Sauerbeck era una mente colta e critica, che guardava alle ingiustizie del mondo in modo
realistico. Ed erano proprio queste ingiustizie che voleva eliminare. Certamente era anche un
idealista. Voleva rendere il mondo migliore; per lo meno in un punto, in un luogo, e questo luogo
si chiamava Kimbondo.
Assieme alla moglie Michaela, dopo che i loro figli avevano trovato la loro strada, nel 2008 aveva
fondato un'associazione che oggi conta quasi 200 membri.
Negli ultimi anni, insieme alla moglie, era tornato spesso in Congo, il paese in cui si erano
conosciuti da giovani, durante una missione umanitaria, all’inizio della loro carriera professionale.
Non avevano mai dimenticato la sofferenza di uno dei paesi più poveri del mondo.

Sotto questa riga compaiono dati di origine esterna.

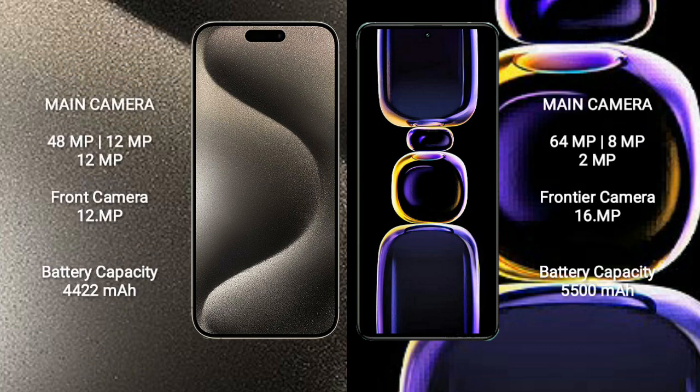iPhone 15 Pro Max features a rear triple camera setup: 48MP main, 12MP ultrawide, 12MP telephoto, and a 12MP front camera.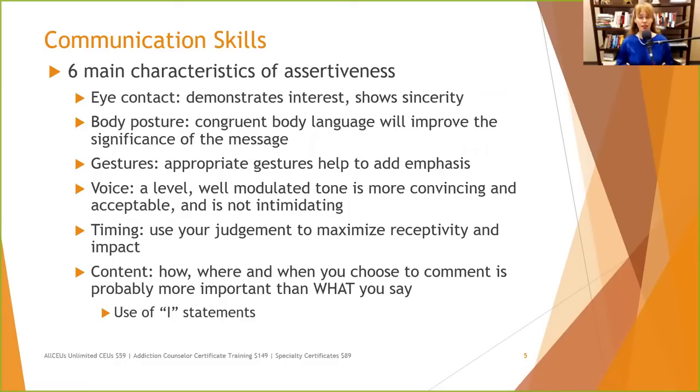In terms of voice, using a level, well-modulated tone is more convincing and acceptable — and not intimidating — as opposed to screaming or mumbling. You don't have to be monotone, because that gets really boring, but avoid raising your voice very high or talking really fast in a way that would indicate to the other person that you're angry and being aggressive.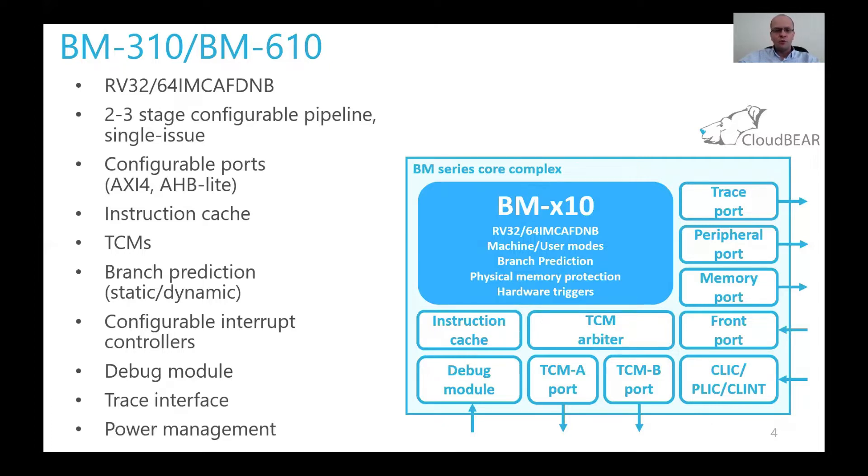It is a mature core, silicon-proven at customer sites. It is highly configurable, so you will be able to select and configure not only the extensions you need, but also pipeline performance features, memory subsystem — including tightly coupled memories and caches — as well as interrupt controller configuration, input/output interface protocols, and debugging features.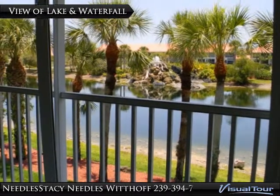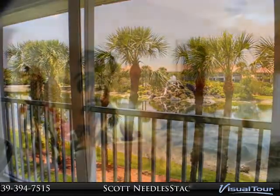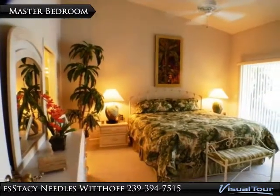This is one of the nicest units you will find in Falling Waters. Enjoy the soothing sounds and spectacular views of the lake and gorgeous rock waterfall from this second floor unit.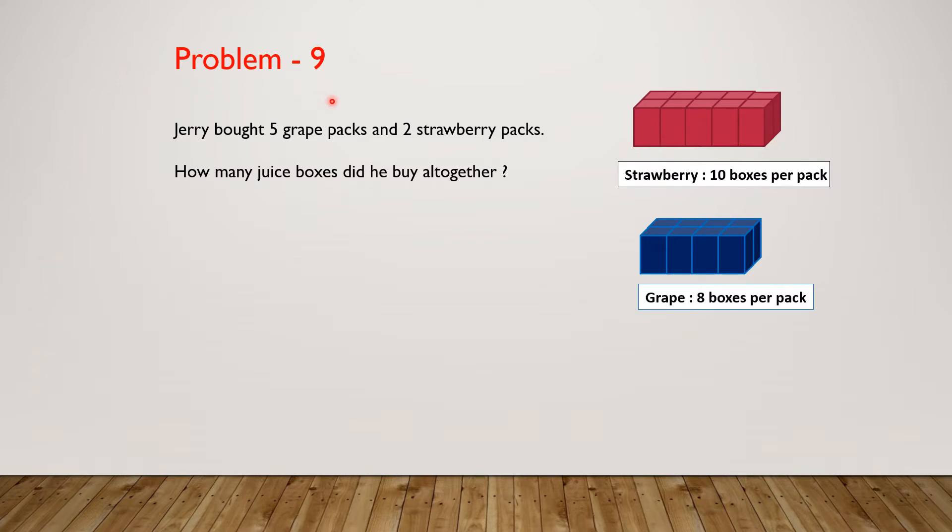Problem 9. Jerry bought 5 grape packs and 2 strawberry packs. How many juice boxes did he buy altogether?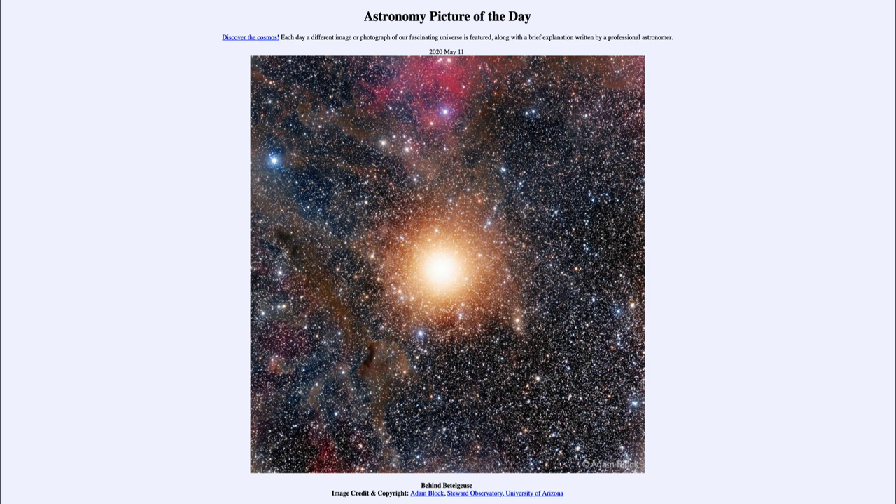So what might be behind Betelgeuse? One thing that is behind Betelgeuse is the rest of the constellation of Orion. When you look at Orion, you see all the stars making up the pattern of the hunter. However, all those stars are not at the same distance. Most of the bright stars are part of the Orion star-forming region, all about 1,300 light-years away. Betelgeuse is much closer — only about 700 light-years away — so it is actually in front of the rest of the constellation.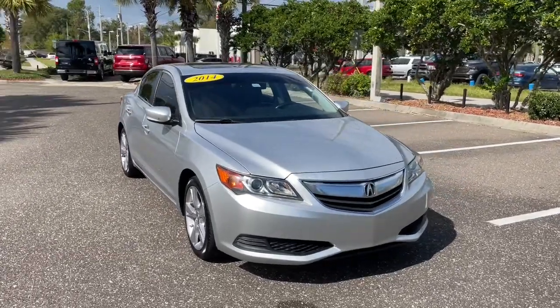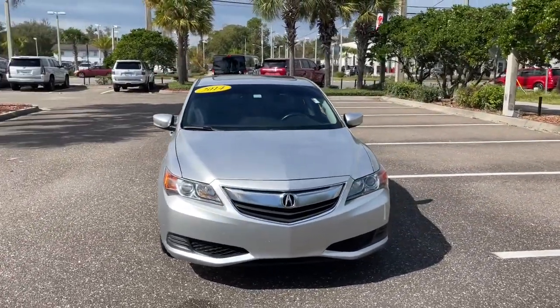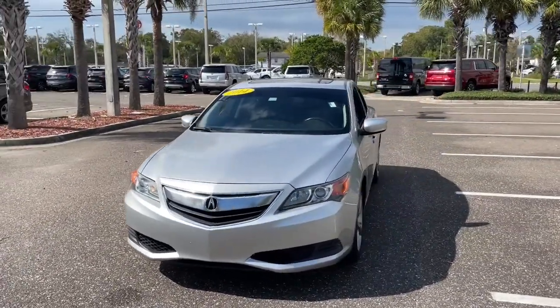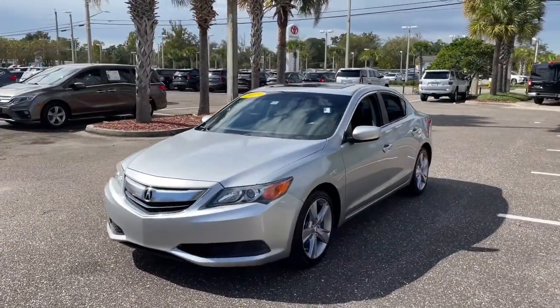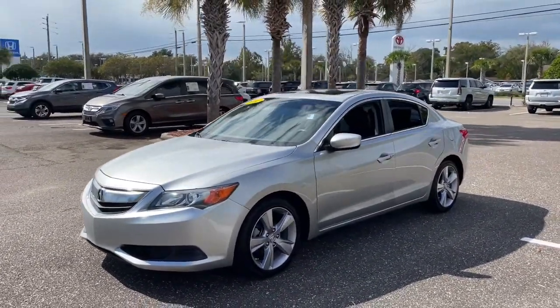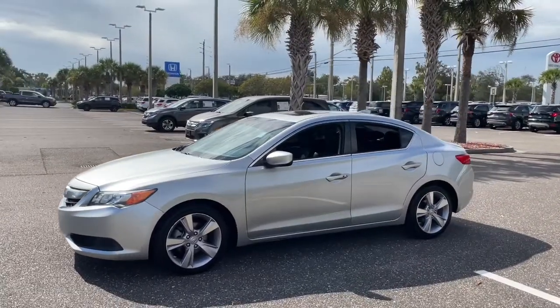Hop into the 2014 Acura ILX. This vehicle is an outstanding buy with fewer than 150,000 miles on the odometer. Go bold or don't go at all. Drive the ILX, Acura's sporty, high-tech, compact sedan.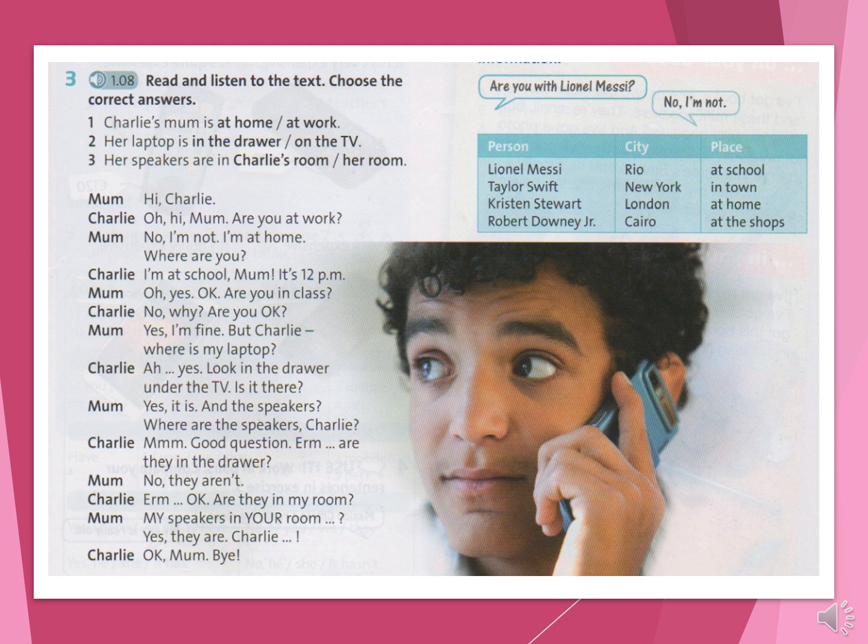Yes it is! And the speakers? Where are the speakers, Charlie? Hmm, good question. Are they in the drawer? No, they aren't. Are they in my room? My speakers in your room? Yes, they are. Charlie! OK, Mum. Bye! Bye! Bye!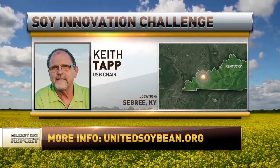Thank you very much for the update. Past chair of the United Soybean Board, Keith Tapp, joining us on the phone today from Kentucky.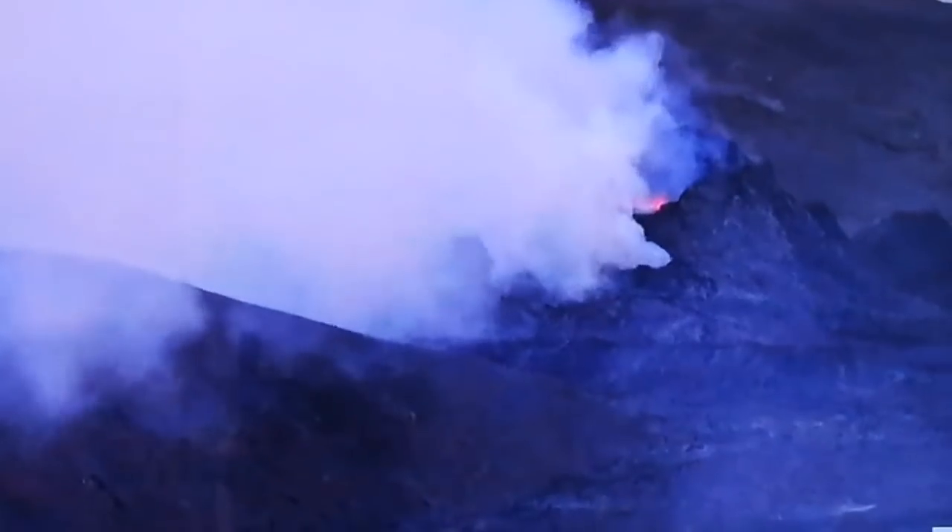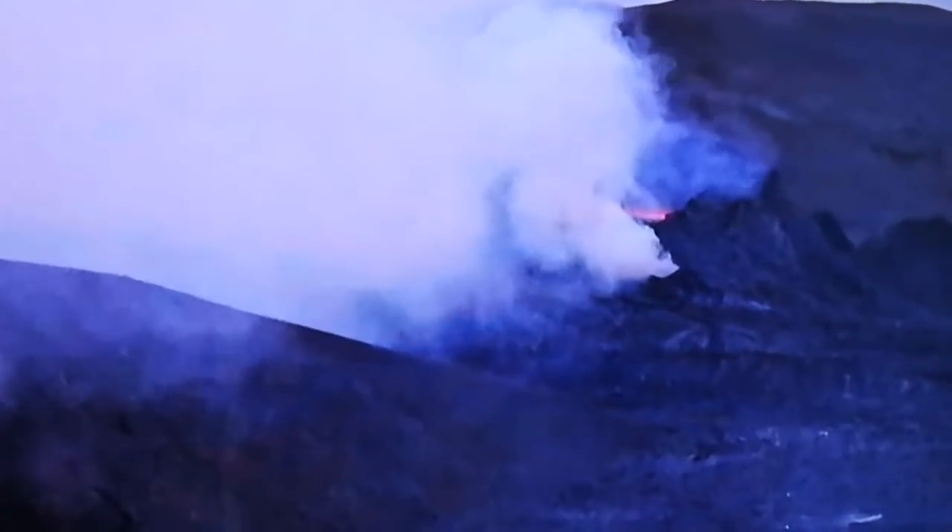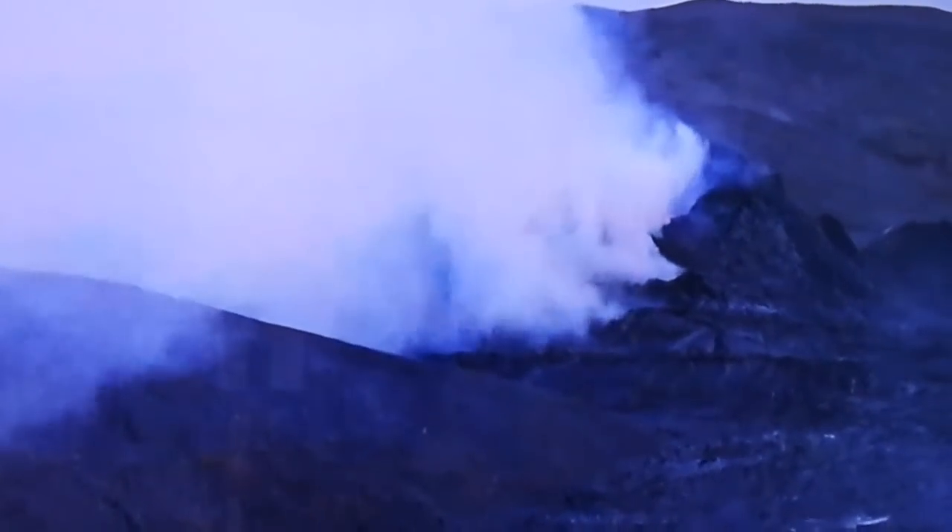The outgassing makes it difficult to see what's going on behind the gas, behind the steam. But for a moment you can clearly see the top of the lava lake — lava pond.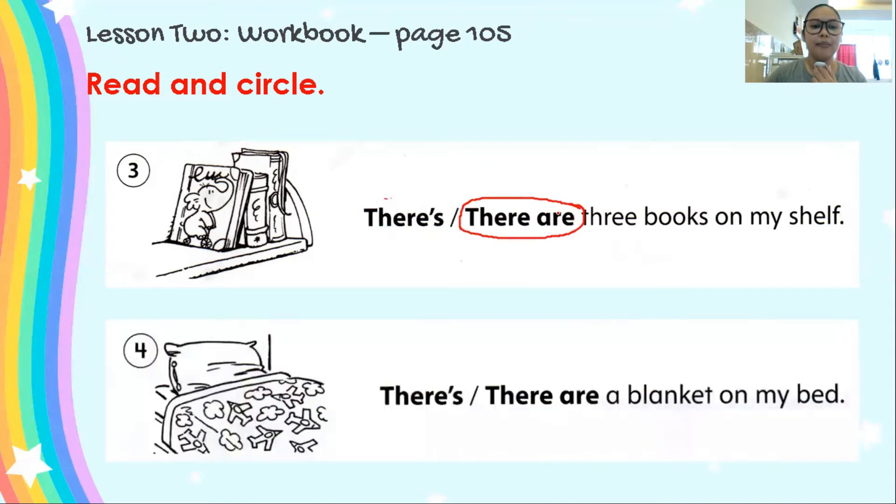Good job. And number 4. What's this? Yes, it's a blanket. How many blankets do you see? One. Let's read: There's, there are a blanket on my bed. Circle your answer. The correct answer here is there's. Very good, because there's only one blanket. So, we will circle there's. And that's the correct answer.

Per questo
motivo avevano fondato l'associazione “KIMBONDO E. V” per poter sostenere da Bühl il centro
che accoglie i bambini di strada e gli orfani di Kinshasa. Si recavano in quel paese regolarmente,
l'ultima volta nel 2017, per occuparsi di Casa Patrick, la struttura della pediatria di Kimbondo che
ospita i bimbi disabili.
Nel 2013 aveva deciso di andare in pensione e aveva ceduto il suo studio ad una collega, ma subito
dopo è intervenuta la malattia con cui si era dovuto confrontare.
Ha lottato per sette anni, tra alti e bassi, ma è riuscito sempre a dare agli amici e ai conoscenti
un'immagine di sé tranquilla, composta e, sì, a volte anche allegra. "Sono soddisfatto", rispondeva
a chi gli domandava del suo stato, senza però nascondere l'esistenza di giorni difficili; un uomo in
armonia con sé stesso, che, ancora nei lunghi giorni della sua fine, era un esempio, l'esempio di un
uomo che accetta il suo destino, diventando in questo modo una luce per chi lo circondava.
“Quest'uomo era un faro, per noi colleghi e anche per i pazienti", così una collega medico
specialista ha definito Wolfang Sauerbeck. E così è stato fino al suo ultimo giorno.